*TASK*
Exactly the lines from the one with "DIY双通-伯多禄与保禄-黑檀-2.6x2.0cm翻译英文 Catholic religious" to the end of the data below should be set down, and no others.

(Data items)
· · ·
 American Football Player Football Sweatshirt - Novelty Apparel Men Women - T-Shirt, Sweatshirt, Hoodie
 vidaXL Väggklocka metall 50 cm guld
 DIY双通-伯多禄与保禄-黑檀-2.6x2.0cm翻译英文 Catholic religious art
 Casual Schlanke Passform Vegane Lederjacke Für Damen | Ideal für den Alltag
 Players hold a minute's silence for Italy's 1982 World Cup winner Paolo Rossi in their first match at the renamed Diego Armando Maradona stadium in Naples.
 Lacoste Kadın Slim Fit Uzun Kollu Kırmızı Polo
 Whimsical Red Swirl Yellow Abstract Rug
· · ·
*RESULT BELOW*
 DIY双通-伯多禄与保禄-黑檀-2.6x2.0cm翻译英文 Catholic religious art
 Casual Schlanke Passform Vegane Lederjacke Für Damen | Ideal für den Alltag
 Players hold a minute's silence for Italy's 1982 World Cup winner Paolo Rossi in their first match at the renamed Diego Armando Maradona stadium in Naples.
 Lacoste Kadın Slim Fit Uzun Kollu Kırmızı Polo
 Whimsical Red Swirl Yellow Abstract Rug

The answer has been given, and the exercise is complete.